Bielefeld Saunaanfänger und Menschen mit empfindlichem vegetativen Nervensystem nehmen besser vormittags ein Schwitzbad. Das rät der Deutsche Sauna-Bund in Bielefeld.

Gehen sie abends in die Sauna, kann ihr Organismus durcheinandergeraten. Einschlafstörungen und eine vermehrte Ausschüttung von Stresshormonen sind mögliche Folgen, erläutert der Deutsche Sauna-Bund. Geübte Saunagänger sind nach einem abendlichen Schwitzbad dagegen in der Regel wohlig ermüdet und schlafen schnell ein. Der Entspannungseffekt lässt sich dem Sauna-Bund zufolge an der verminderten Muskelspannung, dem sogenannten Muskeltonus, erkennen. Die schlaffördernde Wirkung hängt außerdem damit zusammen, dass im Gehirn des Hormon Serotonin verstärkt verarbeitet wird.

Grundsätzlich durchläuft jeder Saunabesucher drei Phasen. Zuerst reagiere der Körper auf den heftigen Wärmereiz, indem er die Hauptblutgefäße leicht erweitert, die Schweißdrüsen aktiv werden und die Muskelspannung nachlässt. Dann erhöhen sich Körpertemperatur und Herzfrequenz.
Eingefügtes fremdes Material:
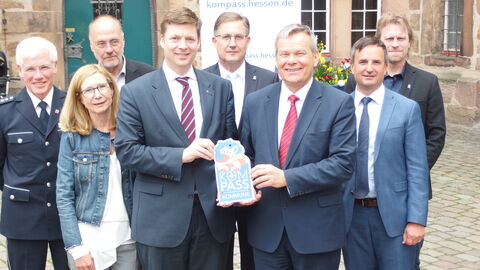 Staatssekretär begrüßt Universitätsstadt Marburg in Sicherheitsinitiative KOMPASS Staatssekretär begrüßt Universitätsstadt Marburg in Sicherheitsinitiative KOMPASS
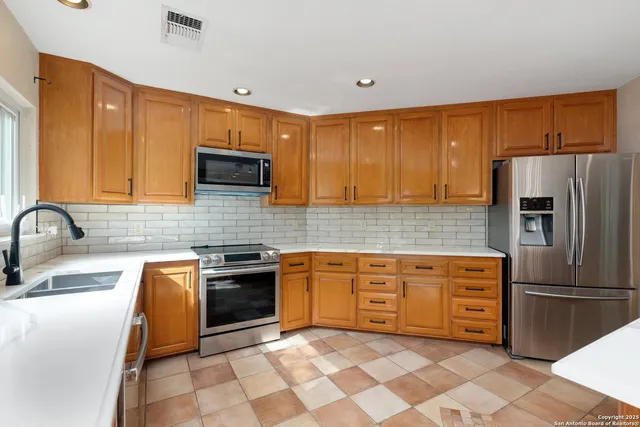 $410,000 | 14128 Emerald Hill Drive, San Antonio, TX 78231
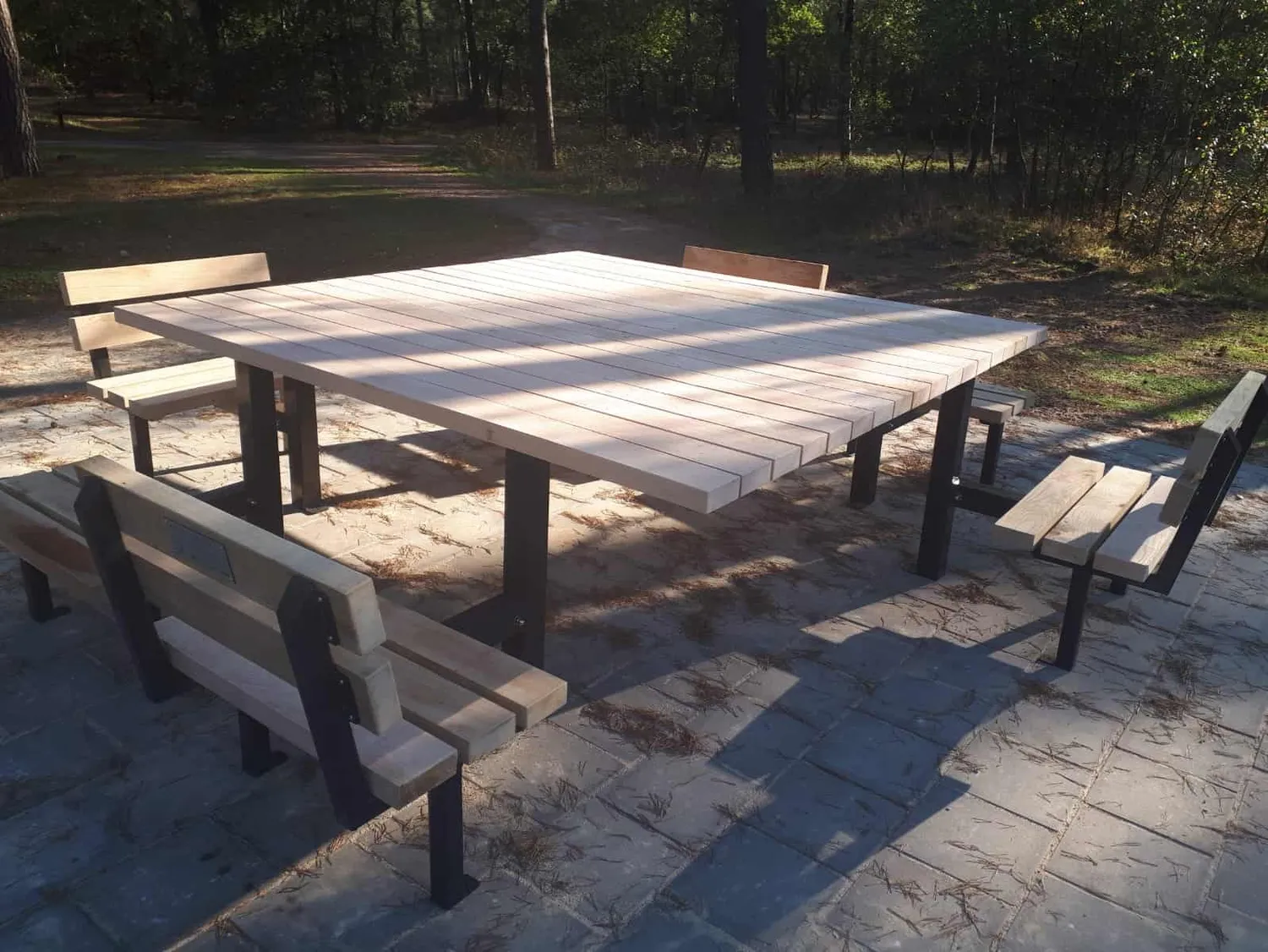 Jaap de Vries Seattle rolstoeltafel eiken staal
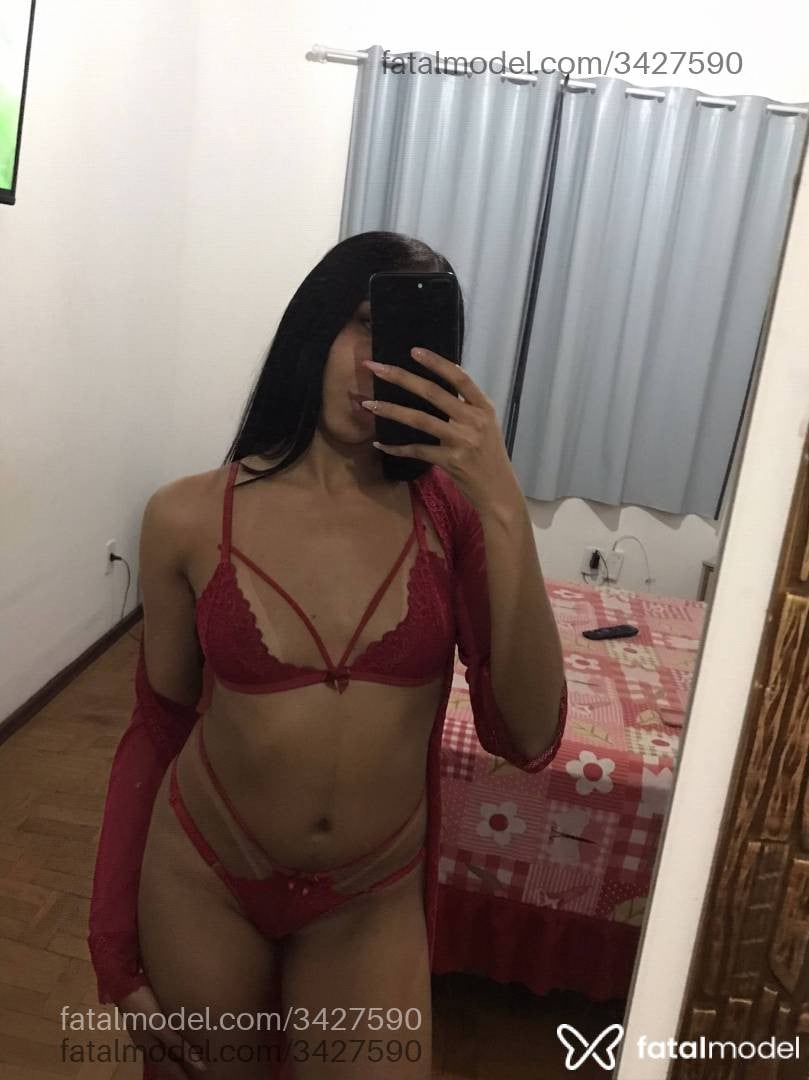 Acompanhante mulher morena (o) de olhos pretos - Rebecca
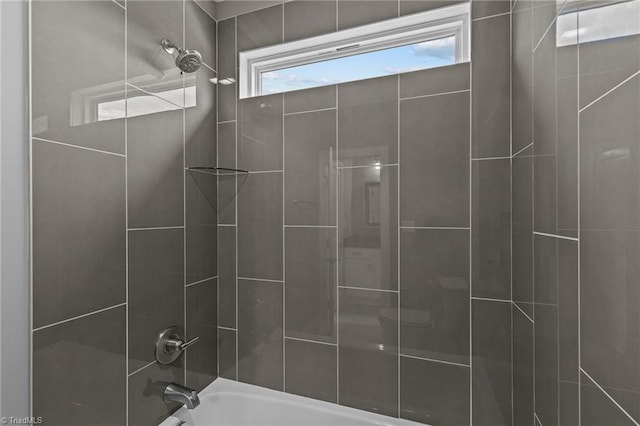 bathroom featuring tiled shower / bath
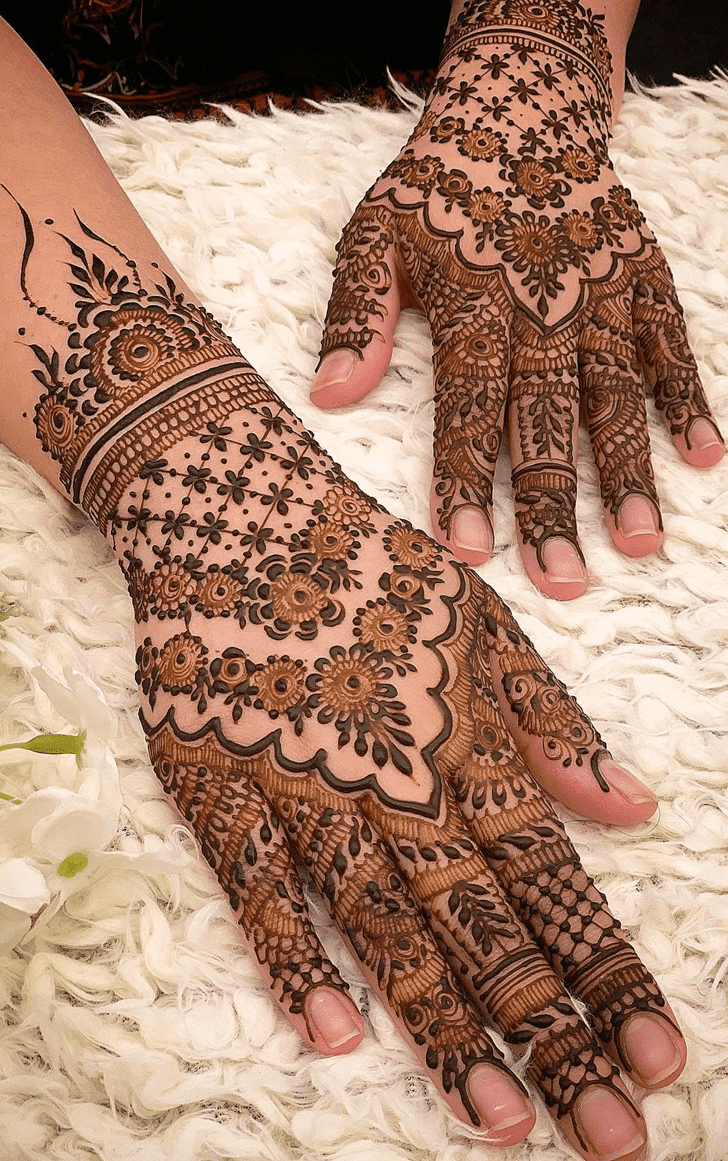 Resplendent Bamyan Henna Design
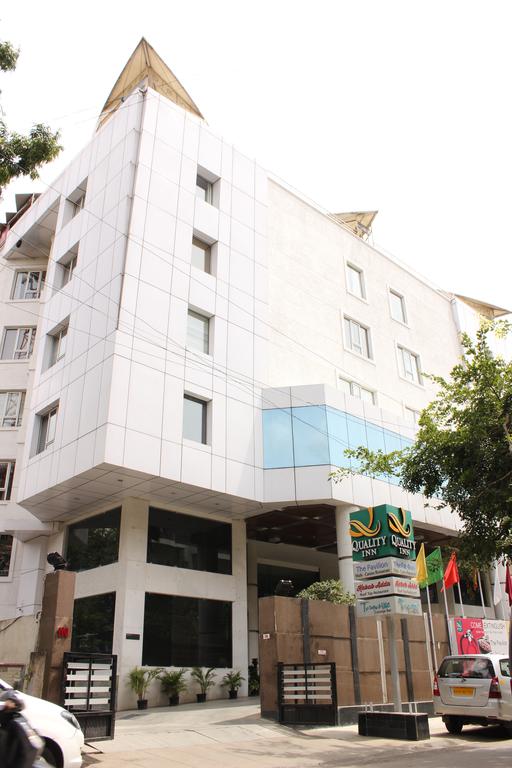 Quality Inn Shravanthi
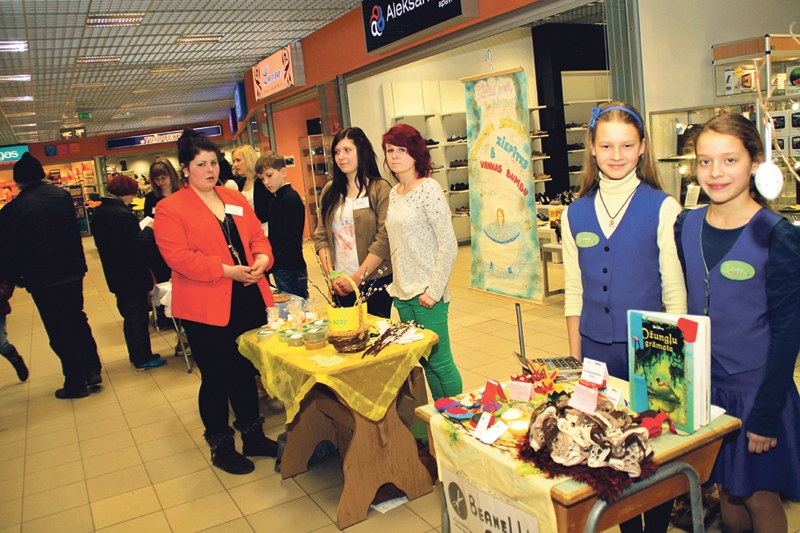 Bauskā, lielveikalā «Rimi», skolēnu mācību uzņēmumu preču gadatirgus risinās jau daudzus gadus, attēlā – tirdzniecība šopavasar.
Autors: no «Bauskas Dzīves» arhīva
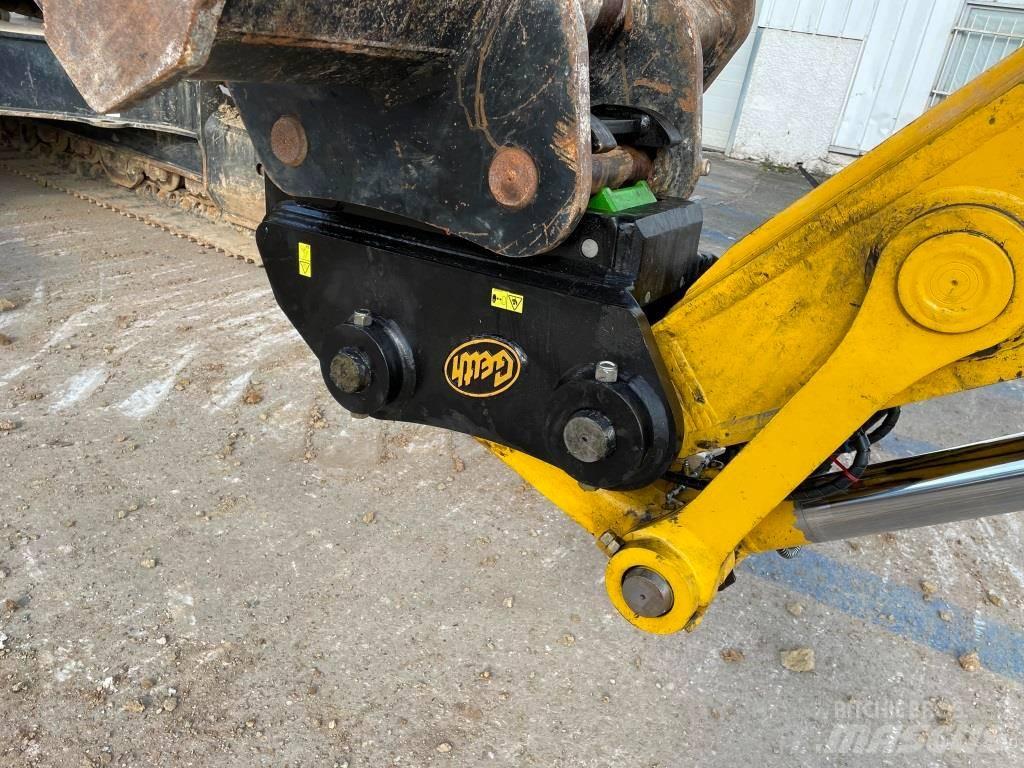 Komatsu PC240LC-11E0 Lánctalpas kotrók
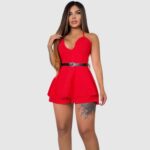 vestido con cinturón ajustado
Lange nach dem Bad schließlich regelt sich der Organismus herunter, und das vegetative Nervensystem regt Erholungs- und Regenerationsprozesse an: Das Herz schlägt ruhig, die Muskeln sind gut entspannt, und der Saunagänger fühlt sich angenehm müde.

Anfänger sind dagegen oft noch nicht gewohnt, sich der Wärme auszusetzen. Gehen sie abends in die Sauna, erwärmt sich ihr Körper entgegen dem natürlichen Rhythmus zu sehr und kann nicht entspannen. Doch egal wann: Wichtig ist generell, sich zum Saunieren immer genügend Zeit zu nehmen, rät der Saunabund. Drei bis vier Stunden pro Woche seien ideal.